Ласковый самовар гудел на столе. Сидел дед в широкой белой рубахе и сам весь белый, свежий и веселый.
- Какой ты еще молодой, дед! - осмотрел его Ознобишин, любуясь.
- Не очень и старый, - отозвался старик.
- Рыщешь по полям, с кем бы тебе силой померяться... поленица удалая!.. Ты думаешь о чем-нибудь?
- О чем, например? - удивился дед.
- Как бы тебе сказать, о чем... - замялся Ознобишин. - Видишь ли: в старину люди в монастырях думали, в пещерах. Должно быть, хорошо думать в пещерах, а?.. Или в лесу где-нибудь, где сосны... Непременно там и мысли будут густейшие, как смола: есть где им отстояться, а в полях нельзя. Я вот потому и спросил: нет в полях мыслей и быть не может.
- Почему нет?
- Ветром выдувает: просторно очень.
- А мне и не нужно, - отмахнулся рукою дед, - мне и без них хорошо. Вот нашел, о чем горевать. Пес с ними!..
Под опущенными веками глубились желтые коршуниные, лукавые глаза. Ознобишин смотрел в них любопытно, чуть прищурясь; и Анна молча оценивала их обоих, мужа и деда.
Цельный ознобишинский размах, без усилий закругленный в деде, чуть просвечивал в муже двумя-тремя пятнами, и за это его, единого и любимого, было жаль. А у Маши, когда она глядела на деда, так и не сходила с лица удивленная красная деревенская улыбка.
Смолоду дед делал все, чтобы утопить силу, но какой-то неистребимый запас ее был ему отпущен полями, - что с этой силой делать, так и не мог он узнать.
И теперь видел Ознобишин, что дед все такой же, каким он знал его давно, с детства; что вот где-то в зажиме морщин на угловатом лбу как засело давным-давно что-то свое, дедовское, так и не могла вытравить этого жизнь: был клейменым - и остался.
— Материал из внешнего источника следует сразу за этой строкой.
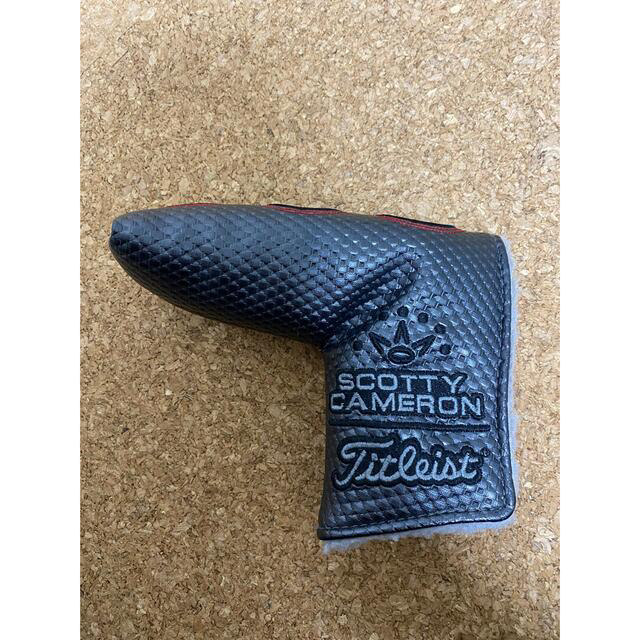 Scotty Cameron(スコッティキャメロン)のスコッティキャメロン カリフォルニア モントレー 1stOF500 スポーツ/アウトドアのゴルフ(クラブ)の商品写真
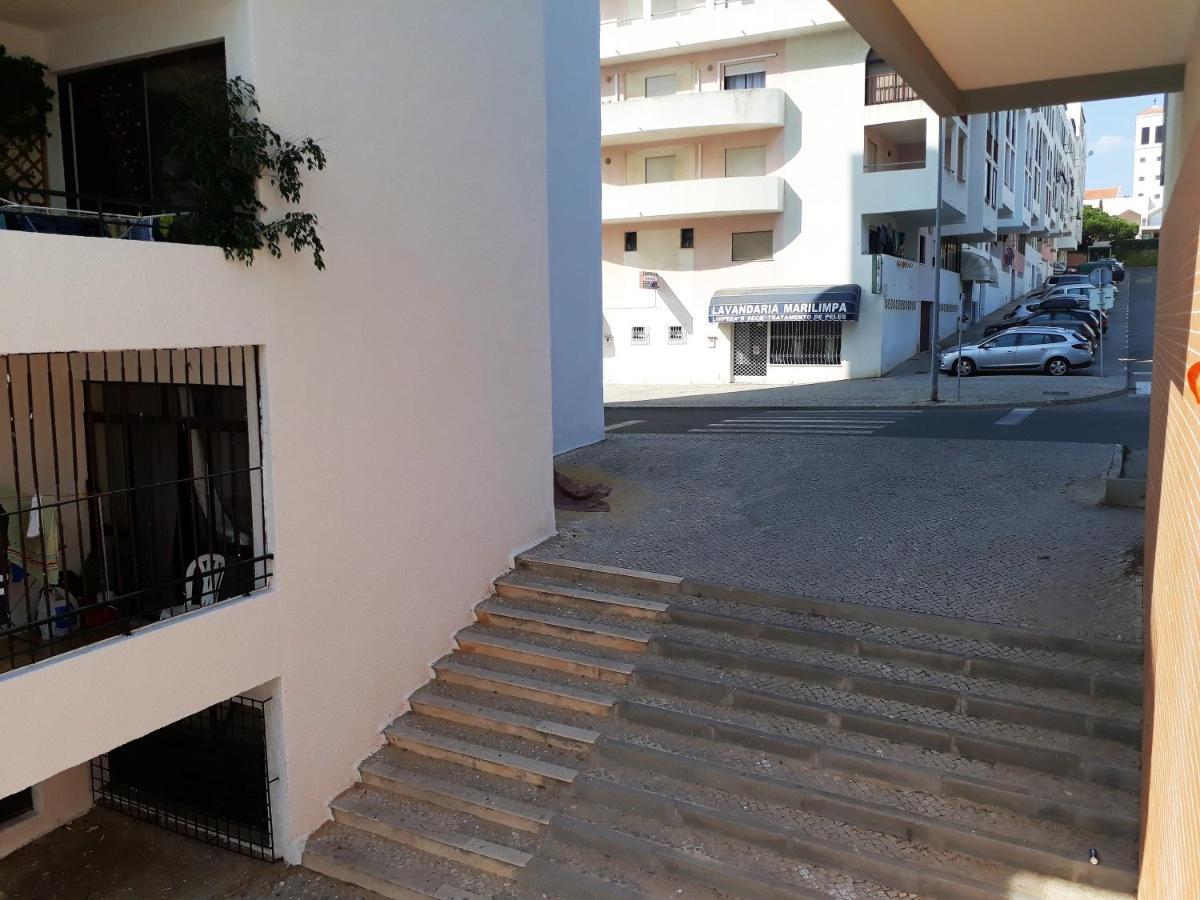 T2 Tahiti - Terraco, Familiar, Garagem, Wifi Apartment Quarteira Exterior foto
И еще показалось ему ярко, что жизнь - весы, а дед поднялся как-то, когда зазевалась жизнь, в самую середину коромысла, где стрелка на равновесе, поднялся и устроился там. Но там - уверенность страшного земного покоя, тяга земли, куда сходится все добро и все зло, чтобы перестать быть добром и злом, и все страданья и радости, чтобы утихнуть.
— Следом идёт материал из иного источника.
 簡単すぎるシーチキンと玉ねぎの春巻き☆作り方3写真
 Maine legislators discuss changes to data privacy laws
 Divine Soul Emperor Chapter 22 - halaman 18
И от одной возможности этого покоя не в себе, а в деде Ознобишину стало душно от зависти.
- Значит, ты... тягу земли нашел? - с трудом спросил он деда.
- И не искал, - ну ее в омут, - опять отмахнулся по-прежнему дед.
- Ты не понял... Тягу земли, - понимаешь?.. Равновес всего... всего, что есть?
- Ну?.. не искал же!
- А я бы искал, - медленно сказал Ознобишин. - Иначе незачем и ездить.
- Тягу земли я не искал, - расстановисто повторил дед, - а ведь хорошо на земле и без этой тяги... Зачем себя люди мучают, это мне неизвестно, нет. Знать я ровным счетом ничего не знаю и не хочу: бремя. А вот посмотреть, отчего не посмотреть... Захотел, чтобы земля была новая, - ан она и новая... Захотел голубую лошадь увидеть - и увидишь, - только захотеть надо... Я вот как сюда ехал, в Загрядчине волов видал... на водопое, в речке... Ох, да и волы! Рога аршина по два, сами сизые - страсть!.. Вечером ехал, солнцем-то этим косым их обхватило, аж дымятся... Хорошо!.. Рассказать об этом нельзя, а вот как умирать буду, - говорят, тогда всю жизнь вспоминают, - их-то, волов-то этих, я уж обязательно вспомню... Да, да, да!.. Вспомню.
И как будто нашел что-то огромное, обвел всех жаркими глазами.
Ознобишин заметил, как он, говоря, жирно намазывал медом длинный кусок белого хлеба; руки у него были большие, с расставленными, как у птиц, пальцами, волосатые и волосы серые.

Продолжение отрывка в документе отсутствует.